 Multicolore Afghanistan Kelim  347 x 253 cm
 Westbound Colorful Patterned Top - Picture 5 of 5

——

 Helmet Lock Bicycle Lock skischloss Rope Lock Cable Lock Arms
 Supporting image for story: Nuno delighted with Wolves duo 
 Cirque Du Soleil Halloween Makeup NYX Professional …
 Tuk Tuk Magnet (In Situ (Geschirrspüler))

——

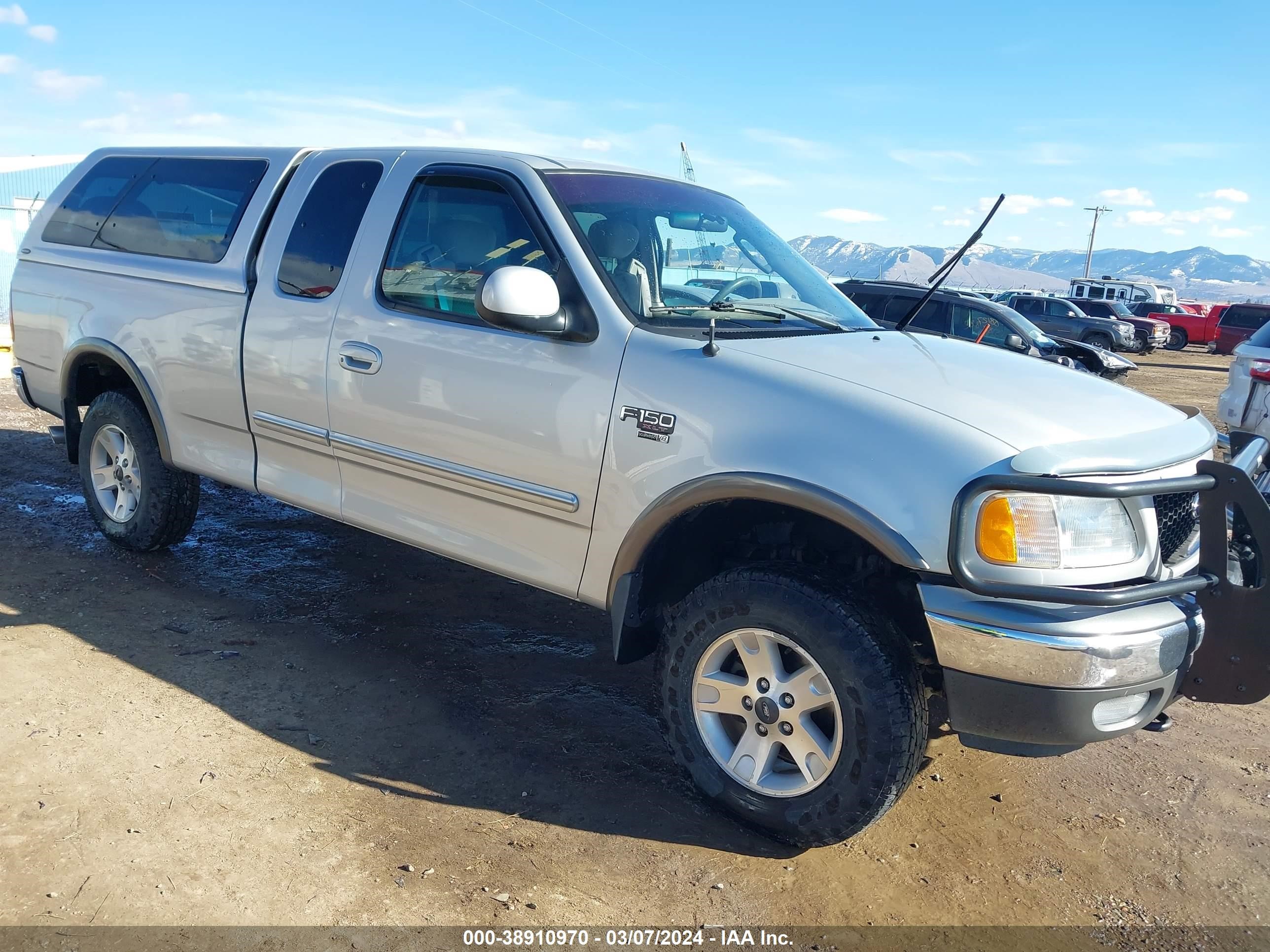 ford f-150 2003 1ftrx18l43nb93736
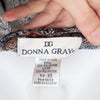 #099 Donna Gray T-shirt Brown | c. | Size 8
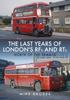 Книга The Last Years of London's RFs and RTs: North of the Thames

——

Quote the data above exactly from the line with "#099 Donna Gray T-shirt Brown | c. | Size 8" to the line with "Книга The Last", both ends counted, and nothing else. Pictures don't go in.

 #099 Donna Gray T-shirt Brown | c. | Size 8
 Книга The Last Years of London's RFs and RTs: North of the Thames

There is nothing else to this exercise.